The classic GaBP results Figure 6 are… OK, I guess? In the figure, the red lines represent our initial educated guesses (‘prior’), and the blue lines show the optimised final guesses (‘posterior’), compared to the dotted black line representing the truth. The blue guesses are much better than the red ones, for sure, but they are not amazing. Our fancy GEnBP guesses Figure 7 are way better, clustering much closer to the truth. So tl;dr on this (admittedly made-up) problem, our method does way better at guessing the ‘hidden influence’ on the system.
This example is extremely contrived though! So let us quantify how much better the answers are on the more complex, more realistic, 2-dimensional problem.
At this stage, our approach manages millions of pixels, surpassing the capabilities of classical methods. GaBP tends to choke on a few thousand pixels. But our method can eat up big problems like that for breakfast.
What we are looking at in this graph is some measures of performance as we scale up the size of the problem, i.e. the number of pixels. The top graph displays the execution time, which ideally should be low, plotted against the problem size, measured in pixels. Notice that as the problem gets bigger, GaBP gets MUCH slower.
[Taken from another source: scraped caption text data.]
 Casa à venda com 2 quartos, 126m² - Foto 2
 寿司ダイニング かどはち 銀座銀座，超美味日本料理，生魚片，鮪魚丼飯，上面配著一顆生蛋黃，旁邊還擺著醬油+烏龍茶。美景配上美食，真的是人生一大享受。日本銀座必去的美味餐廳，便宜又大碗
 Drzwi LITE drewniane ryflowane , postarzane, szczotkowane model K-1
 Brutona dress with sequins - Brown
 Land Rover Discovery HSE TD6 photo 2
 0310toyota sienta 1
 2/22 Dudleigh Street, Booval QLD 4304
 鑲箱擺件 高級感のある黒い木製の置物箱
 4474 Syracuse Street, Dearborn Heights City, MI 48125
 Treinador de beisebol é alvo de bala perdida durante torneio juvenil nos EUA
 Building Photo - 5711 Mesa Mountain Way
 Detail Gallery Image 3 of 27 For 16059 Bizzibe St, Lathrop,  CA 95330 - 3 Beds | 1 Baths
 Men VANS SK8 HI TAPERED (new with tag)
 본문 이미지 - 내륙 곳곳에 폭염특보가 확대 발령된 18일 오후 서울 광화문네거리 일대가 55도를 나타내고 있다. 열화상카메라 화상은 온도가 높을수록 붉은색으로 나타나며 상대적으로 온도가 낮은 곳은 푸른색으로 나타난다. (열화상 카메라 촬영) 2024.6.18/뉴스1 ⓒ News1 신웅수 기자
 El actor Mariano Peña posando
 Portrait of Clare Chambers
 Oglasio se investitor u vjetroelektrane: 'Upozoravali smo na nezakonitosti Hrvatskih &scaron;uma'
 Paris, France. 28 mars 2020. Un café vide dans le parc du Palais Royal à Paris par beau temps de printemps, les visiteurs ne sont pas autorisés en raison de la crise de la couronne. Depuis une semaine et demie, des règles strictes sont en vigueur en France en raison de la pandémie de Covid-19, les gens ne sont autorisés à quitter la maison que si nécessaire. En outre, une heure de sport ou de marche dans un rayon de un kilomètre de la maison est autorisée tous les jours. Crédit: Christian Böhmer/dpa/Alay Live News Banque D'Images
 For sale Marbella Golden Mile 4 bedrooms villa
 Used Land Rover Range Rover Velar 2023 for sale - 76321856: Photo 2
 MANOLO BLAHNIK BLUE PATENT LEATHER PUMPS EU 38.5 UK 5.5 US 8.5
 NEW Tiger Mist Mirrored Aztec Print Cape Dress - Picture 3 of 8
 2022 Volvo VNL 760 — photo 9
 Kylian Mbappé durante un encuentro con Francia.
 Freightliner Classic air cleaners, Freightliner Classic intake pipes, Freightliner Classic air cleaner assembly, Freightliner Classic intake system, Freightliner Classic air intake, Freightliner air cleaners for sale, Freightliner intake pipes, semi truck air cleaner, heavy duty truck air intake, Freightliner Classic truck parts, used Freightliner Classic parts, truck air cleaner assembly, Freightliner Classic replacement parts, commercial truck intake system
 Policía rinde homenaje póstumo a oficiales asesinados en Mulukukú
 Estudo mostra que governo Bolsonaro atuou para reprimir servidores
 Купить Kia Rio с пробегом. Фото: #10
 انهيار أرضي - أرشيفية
For the curious, it scales roughly cubically, i.e. \(\mathcal{O}(D^3)\). GaBP is generally much slower for the kind of problems we care about. Moreover, eventually, GaBP runs out of memory. In the middle graph, we see something else interesting: GEnBP also has superior accuracy to the classic GaBP, in the sense that its guesses are closer to the truth. The bottom graph shows the posterior likelihood, which essentially tells us how confident our method is in the vicinity of the truth.
We have been strategic with our choice of problem here: GaBP is not amazing at fluid dynamics precisely like this, and that is kind of why we bother with this whole thing. GaBP has trouble with very nonlinear problems, which are generally just hard. GEnBP has some trouble with them too, but often much less trouble.
In Figure 11, we test both these methods on a lot of different fluid types and see how they go. GEnBP is best at speed for … all of them. The story about accuracy is a little more complicated. We win some, and we lose some. So, it’s not a silver bullet.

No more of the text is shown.